Так случилось и на этот раз.

«Не хотите посмотреть Ахматову? Редкость. Из шести книг», — спросил Сергей Анатольевич, как только я протиснулся к прилавку где выставлены новинки и прильнул к стеклу, — сборник, хотя и давний, довоенный, сорокового года, но подборка  а в т о р с к а я. И состояние — прекрасное. Вы, конечно, понимаете, что значит авторская? Лучший подарок к празднику Вашей маме. Берите! Завернуть? Согласны? Анна Ахматова! Платите в кассу три сорок, вот чек!». Тут я почувствовал, как из-за моей спины какой-то господин в пыльнике и в шляпе, пытаясь оттолкнуть меня, кричит: «Я беру, выпишите чек мне, заверните…». За ним — другой голос, третий и с той же просьбой. Но не тут-то было! «Не могу-с, — сказал «мой продавец», одобрительно-лукаво взглянув на меня, — молодой человек был первый. К празднику…». Я выхватил чек, побежал в кассу, заплатил и дело с концом. Победа! Двойная, ибо как же он угадал с этой именно книгой: ведь моя мама, будучи студенткой университета, не один раз видела и слышала Гумилева, мужа Ахматовой, в «Институте Живого Слова» на Исаакиевской Площади. И даже Блока. Сколько раз мы с братом слышали эту историю.
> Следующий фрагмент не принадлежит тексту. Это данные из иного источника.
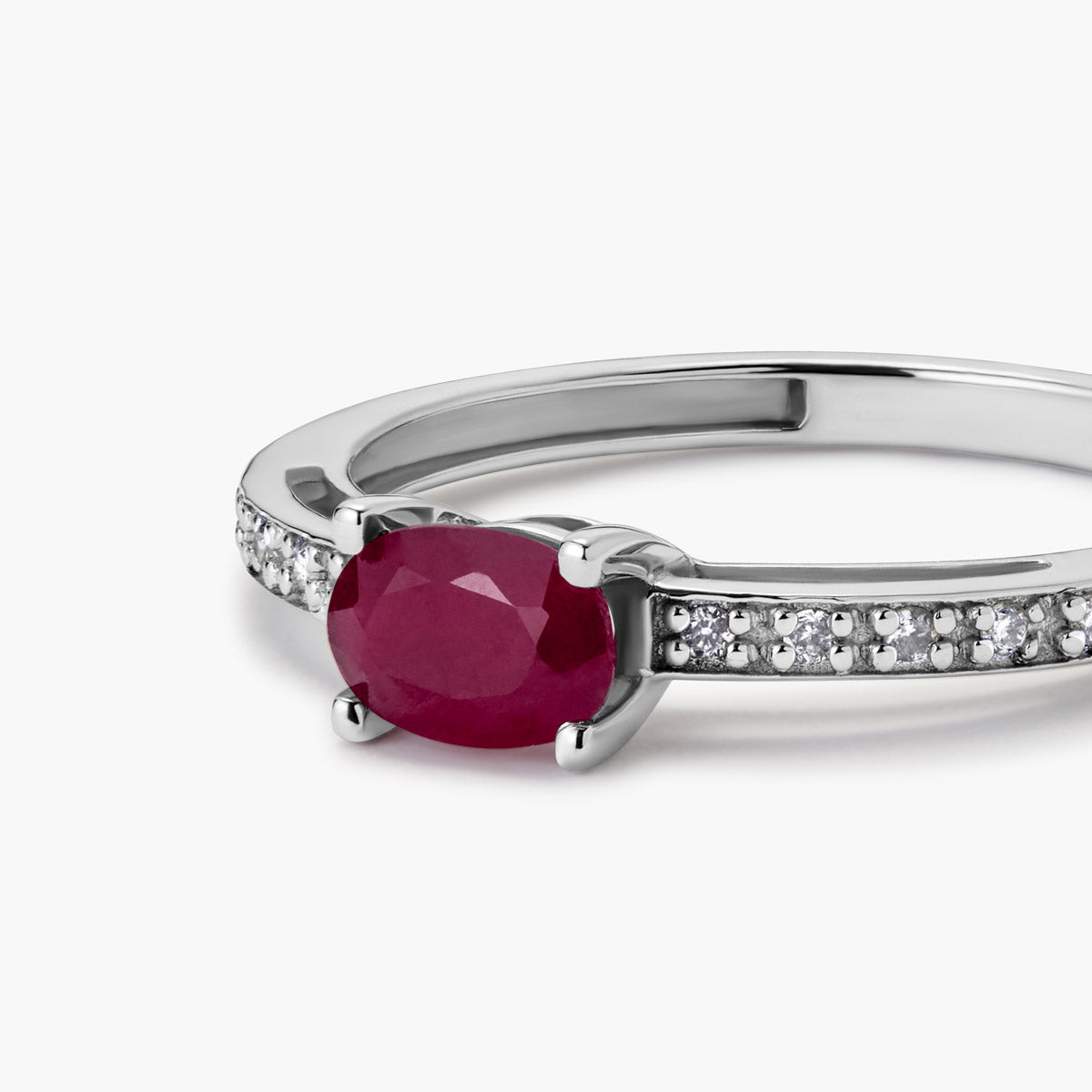 Anillo de oro blanco 18K diamante natural 0.05 ct. FLAME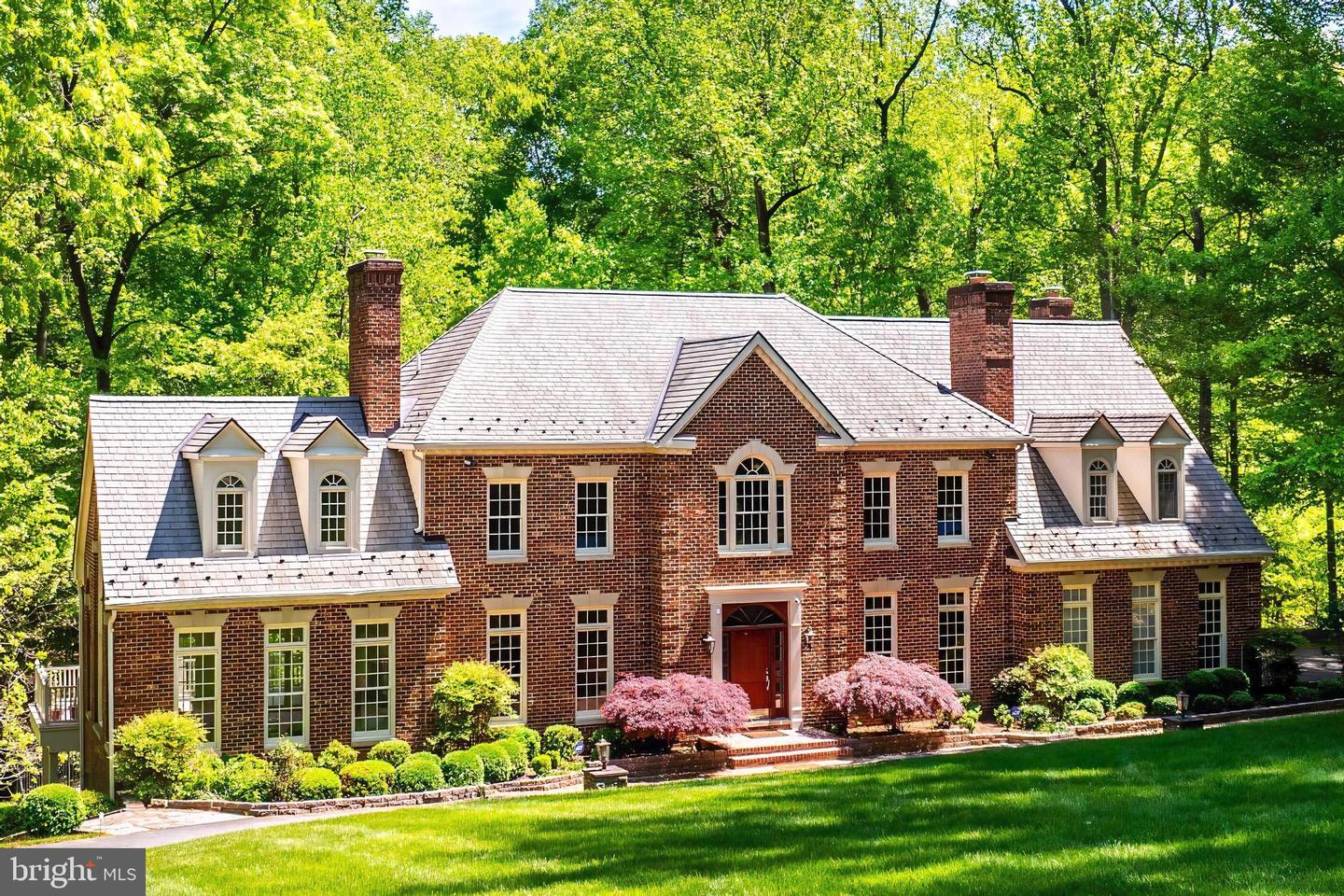10112 HIGH HILL CT, GREAT FALLS, Virginia 22066, 5 Bedrooms Bedrooms, ,5 BathroomsBathrooms,Residential,For sale,10112 HIGH HILL CT,VAFX2262468 MLS # VAFX2262468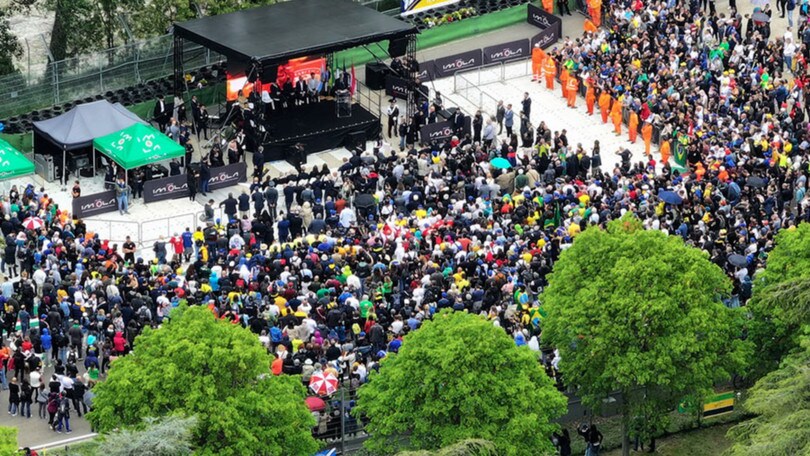 In oltre ventimila a Imola per Ayrton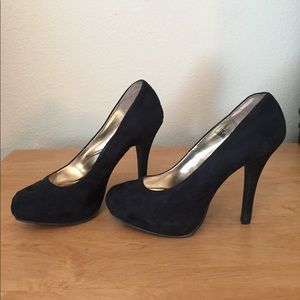 Black Suede Mossimo Pumps - Size 9.5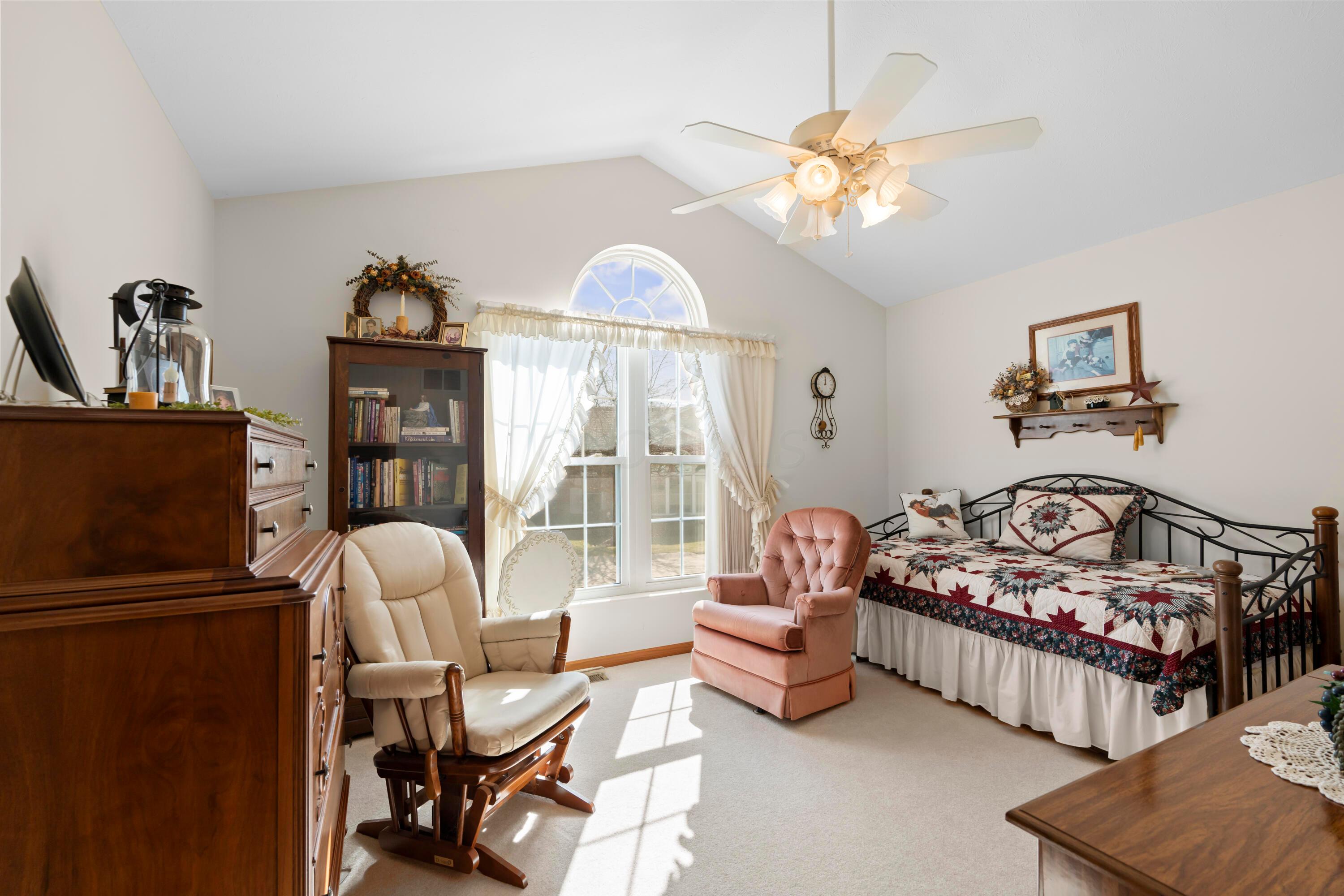 209 Greenbriar Lane Property Photo 8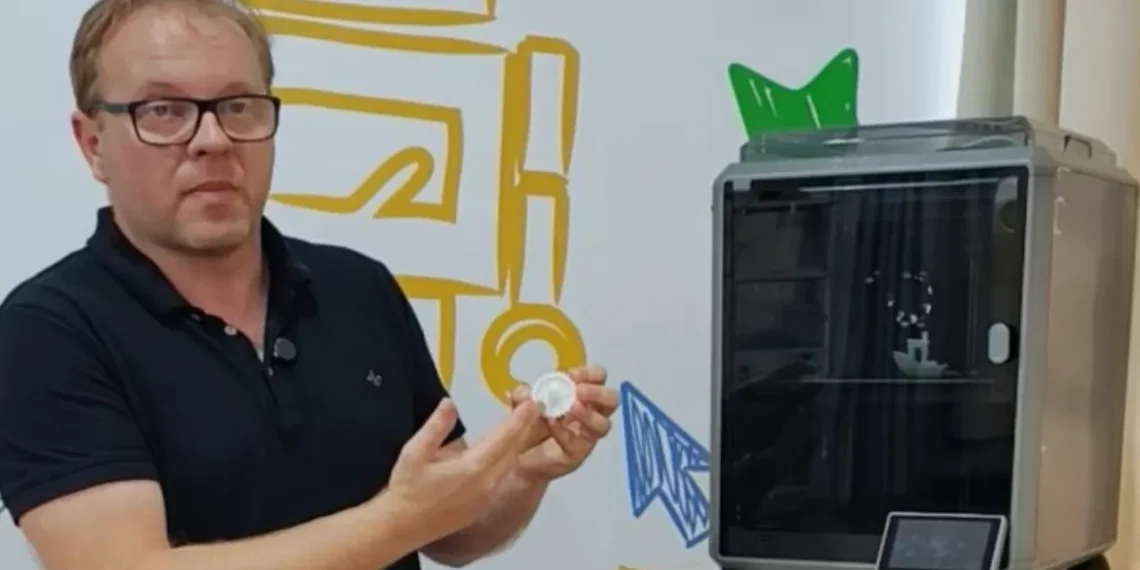 Escola Municipal de Timbó recebe impressora 3D para aulas de informática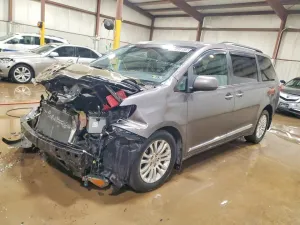 2017 TOYOTA SIENNA
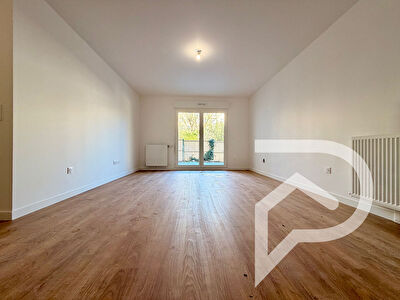Appartement Vitry Sur Seine 3 pièce(s) 65.80 m2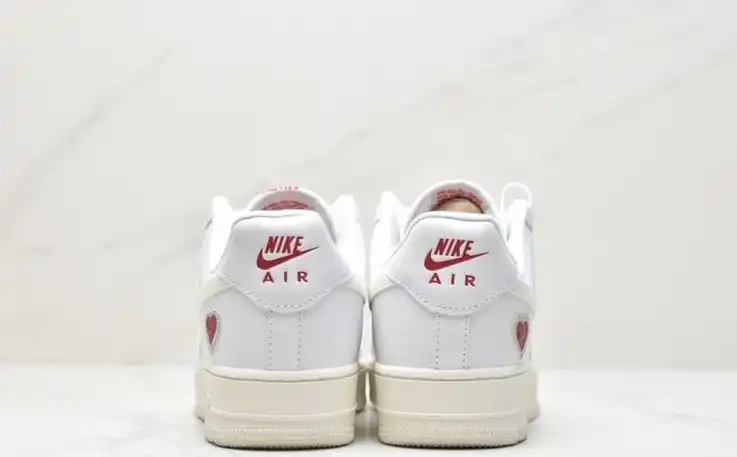 hype Nike Air Force 1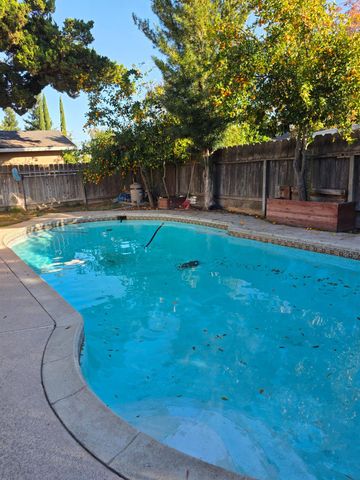 1624 Falmouth Way, Modesto, CA 95355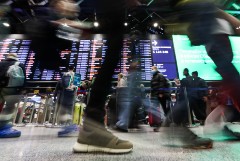 Туроператоры пересадят туристов с рейсов Southwind в Египет на Azur Air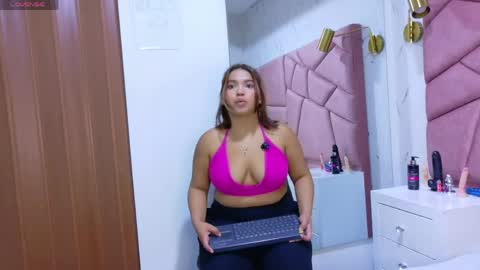 Snapshot of liliana_pink chatting on 05.19.26 liliana online show from 05.19.26
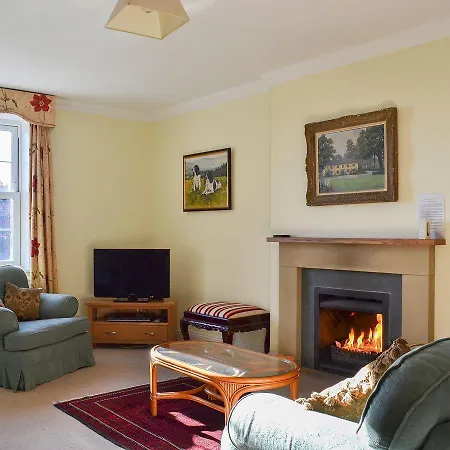 Crag House *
И вот я уже по мартовскому весеннему холодку — в родном «Сайгоне», что на углу Невского и Владимирского проспектов. Стою у окна с чашечкой двойного и принимаюсь рассматривать покупку (ставшую мне теперь в сто раз дороже). Конечно, было бы нескромно с моей стороны заявить, что я в те годы хорошо знал творчество Ахматовой. Имя, скорее, имя! И три-четыре царскосельских стихотворения, да еще про войну и блокаду. Зато я наизусть знал чудесные посвящения Анне Ахматовой моего любимого Осипа Мандельштама «В пол оборота, о печаль…», «Вы хотите быть игрушечной…» или про черный мех… И тут же возникал образ женщины — необыкновенной. Ну и конечно, мне был известен и портрет Натана Альтмана. Однако более важным для меня в те годы было знание, что Анна Андреевна живет где-то поблизости, в Комарово. Можно взять и приехать. И даже увидеть её. Хотя бы со стороны, что не раз проделывали мои друзья-товарищи «по цеху шестидесятников». Например, Витя Кривулин, Богин, Мишка, Мазья, Марик.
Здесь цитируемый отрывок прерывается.